Peu après, mes yeux s’entrouvrirent, comme deux astres ébaubis qu’eût noyés la nuit. Ils fixaient vainement de leurs faisceaux frivoles et étouffés les rideaux que leur avait imposés l’obscurité, les glaçant dans leur brouillard indécis, comme un bourreau fixe sa victime juste avant de l’abattre.
La torpeur marmoréenne qui les empêchait de se mouvoir, les laissant placides, livrés à leur propre et sournois destin, s’estompa cependant un instant, faisant germer en moi un nouveau besoin angoissé, que j’avais peine à décrire dans cette ataraxie qui était la mienne, et malgré laquelle je cogitais de folie.
L’espace-temps s’était réduit à ce seul instant, qui m’apparaissait soudain comme le dernier. Pourquoi ? Pourquoi cette folie ? Pourquoi ce malheur ? Mais laquelle ? Mais lequel ? Ne le sachant pas moi-même j’avais pourtant de l’indigence autant la peur qu’elle fût comblée, que le besoin qu’elle le fût.
Je me levai, tandis que je sentais les fers que l’enclume de la fatigue voulait m’imposer se retenir à moi, griffant tout mon corps de leur mollesse acide. Je me vêtis de ce que je trouvai sur mon passage, comme si ça n’avait jamais été chez moi, et que je ne me rendais pas compte du monde dans lequel je me voyais arpenter sans arrêt, errant pour toujours. C’était d’ailleurs assez surprenant cette manière avec laquelle, prenant comme un certain recul sur moi-même, je tentais de me voir plus extérieurement que je ne pouvais l’être, et où je prenais comme conscience de ce que j’étais. Cela m’apparaissait absurde, vain, falsifié ; nonobstant nécessaire. Comment eussé-je pu me considérer de l’extérieur, puisque le seul extérieur dont j’avais la vision était celui-ci dont mes sens abusés par le fait qu’ils étaient alors comme deux miroirs se faisant face, me renvoyaient l’image ? J’en venais d’ailleurs à me demander si, étant donnés que chacun se trouvant dans la même situation que moi, ne pouvait réellement prendre conscience de son être que par celui-ci, et donc où la vérité se voyait destituée de toute valeur au bénéfice de la perception qu’on en avait, celle-ci méritait vraiment qu’on se préoccupât d’elle ; elle apporterait donc plus de malheur que la douceur de nos sens dont nous approuvons les mensonges n’apporte le calme, intrinsèquement propice à notre propre bonheur. Mais il n’était pas dans mon caractère de fonder un quelconque bonheur sur un crime, ni donc a fortiori de me laisser à cette vision dont l’abjection lâche et égoïste conglomérait les épines de la cruauté. C’était l’attitude des gens frivoles, qui ne connaissent pas encore l’élévation spirituelle que procure celle de tout faire pour les autres. Cette misanthropie à laquelle je croyais de toute mon âme me rappelait une des vérités les plus incontestables que j’avais appréhendée : celle que le bonheur était la denrée la plus précieuse au monde, et la moins coûteuse d’entre toutes, car elle possédait le pouvoir fantastique de se multiplier. Plus j’en donnais, et plus j’en recevais.
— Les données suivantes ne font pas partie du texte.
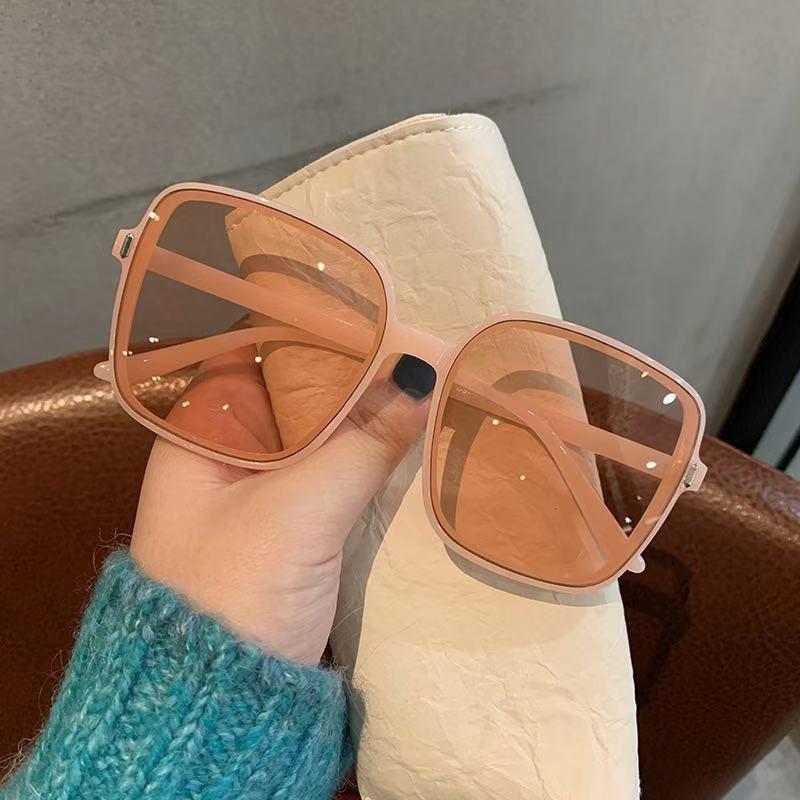 Mode Übergroße Sonnenbrille Damen Luxus Designer Vintage Quadratische Sonnenbrille Klassische Brille für Damen UV400 Großer Rahmen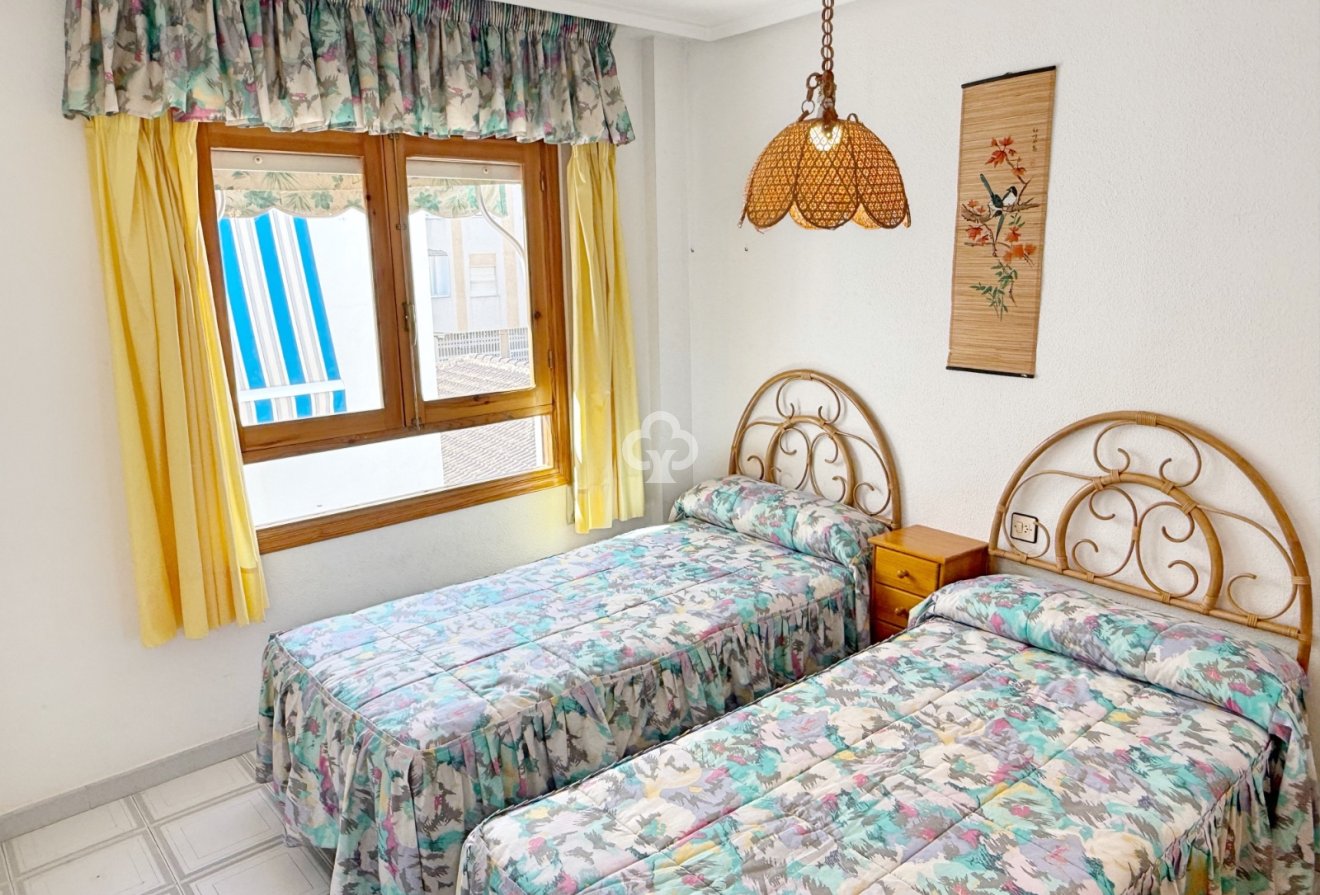 Resale - Apartment / flat -
Torrevieja - Centro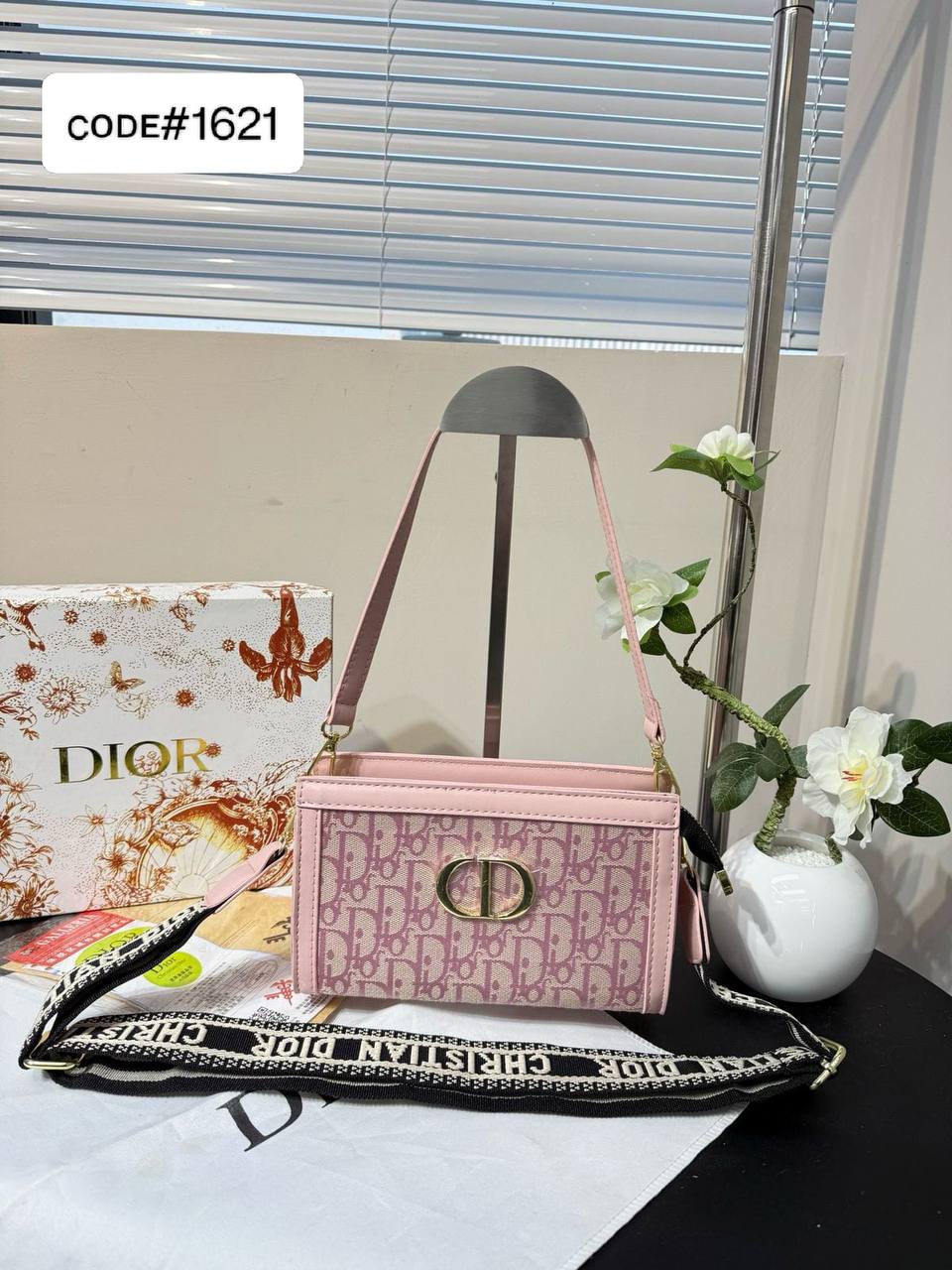 CHRISTIAN DIOR
sʜᴏᴜʟᴅᴇʀ / ᴄʀᴏssʙᴀɢ
ᴡɪᴛʜ ʟᴏɴɢ sᴛʀᴀᴘ
sɪᴢᴇ : 21 cm

65 dhs🪙🖤

Zain31
♥️♥️♥️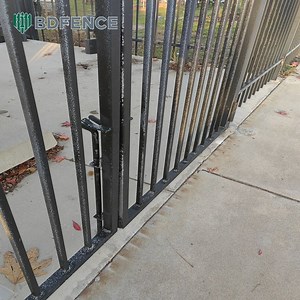 [Hot Item] Decorative Metal Post PVC Panel Ornamental Iron Temporary Fence Garden Fencing Materials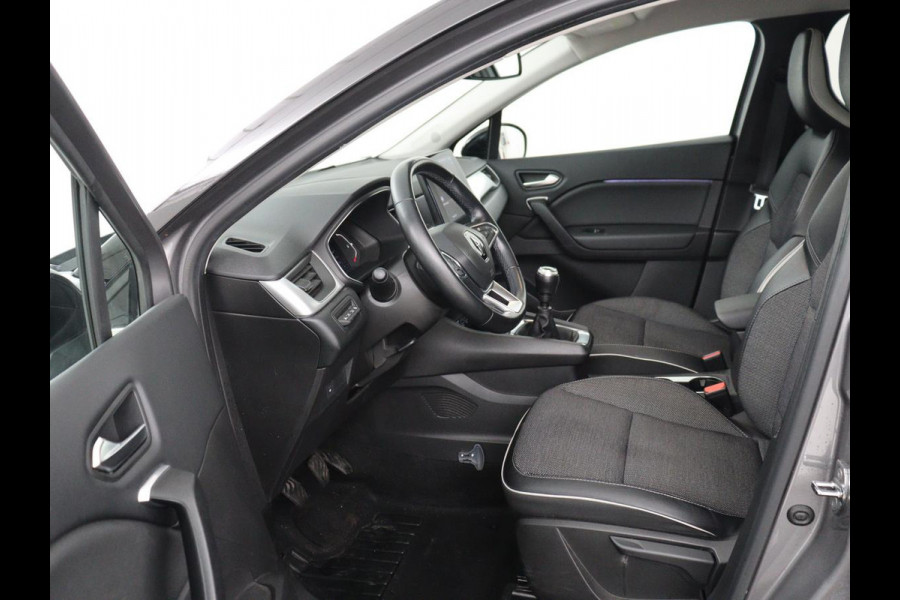 Renault Captur 1.0 TCe Intens | Stoelverwarming | Trekhaak | Carplay | Camera | Navigatie | Half leder | Full LED | Keyless | Climate control | Cruise control | Getint glas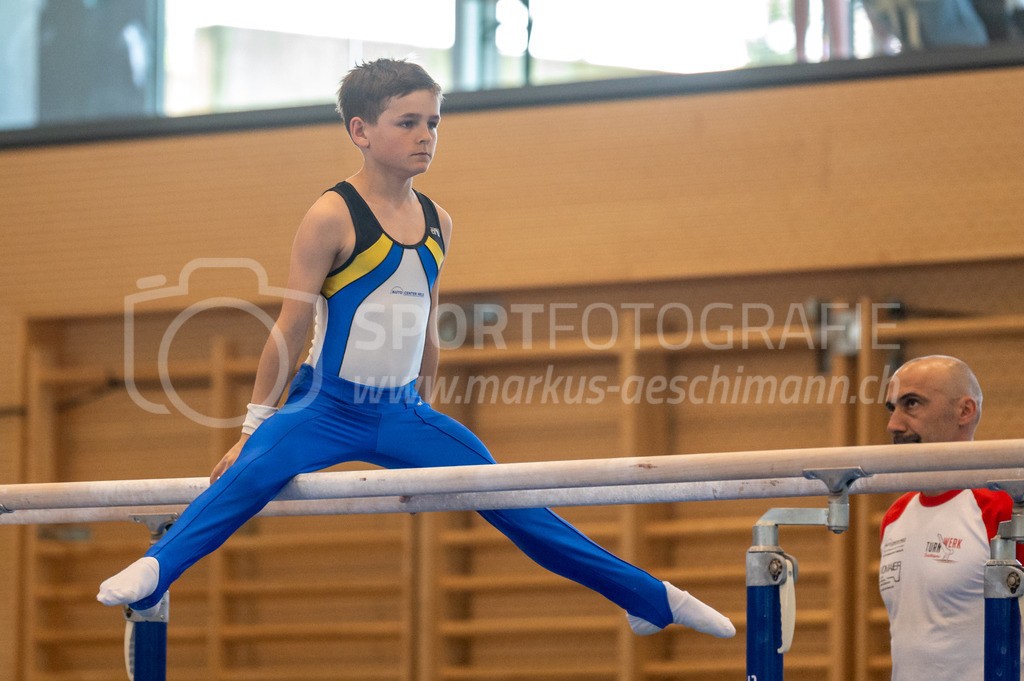 104. Zürcher Kunstturnertage Neftenbach - 15. May 2022 | 104. Zürcher Kunstturnertage Neftenbach
Turnhalle Ebni, Neftenbach
Programm 1 (P1)
Bild: Sportfotografie Markus Aeschimann | www.markus-aeschimann.ch - Realisiert mit Pictrs.com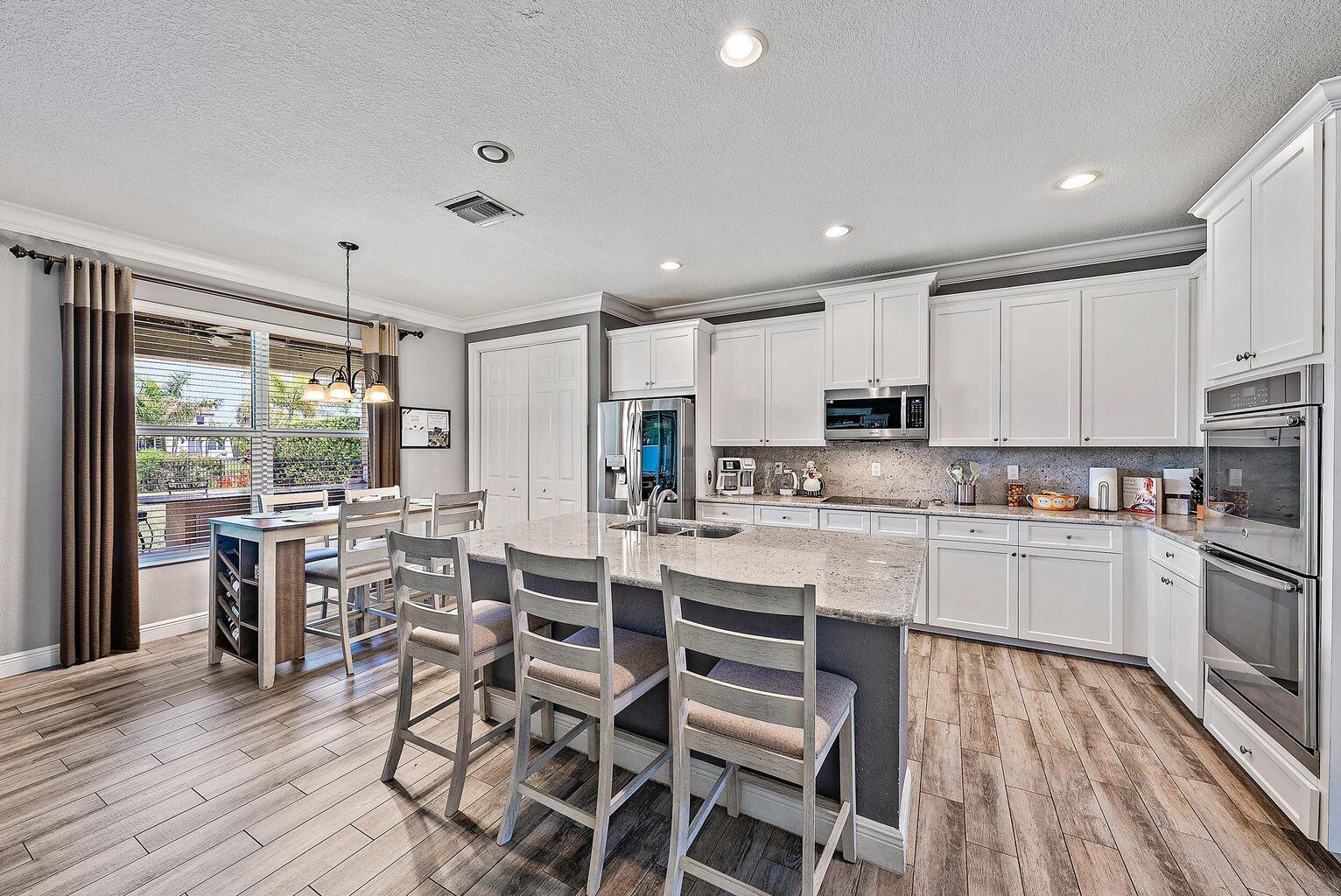 133 Casa Circle Jupiter, FL 33458 - Photo 10 of 39 20230512231844098078000000-o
J’avais ainsi pensé pouvoir trouver, dans mon passé, les traces que j’y eusse laissées, et qui m’eussent permis de savoir quelque chose de moi qui fût, quoique retranscrit par mes propres sens, moins propice à la falsification dont ils avaient la coutume, que s’ils ne l’avaient fait dans l’échauffement de leur émoi, de leurs passions, et de l’action présente mue par la rapidité effroyable du temps.
J’avais peur.
Perdu dans mes réflexions, j’avais marché longtemps, lorsque Janvier lâcha sur moi ses borées. La nature faisait comme une extension de mes songes ; en effet aussi froide, sombre, et dangereuse qu’eux, par cette nuit acerbe, hantée de l’Aquilon, et de ses lanières, qui lacéraient mon visage, elle semblait en parfait accord avec ce passé au fond duquel j’allais puiser les parties du moi que j’y avais perdues. Je fustigeais l’idée pourtant peu improbable que celles-ci fussent disparues, ou changées, comme les vins murissent avec le temps dans les caves. Mais à trop murir, on pourrit ; déjà mon cœur avait peur que ce ne fût trop tard.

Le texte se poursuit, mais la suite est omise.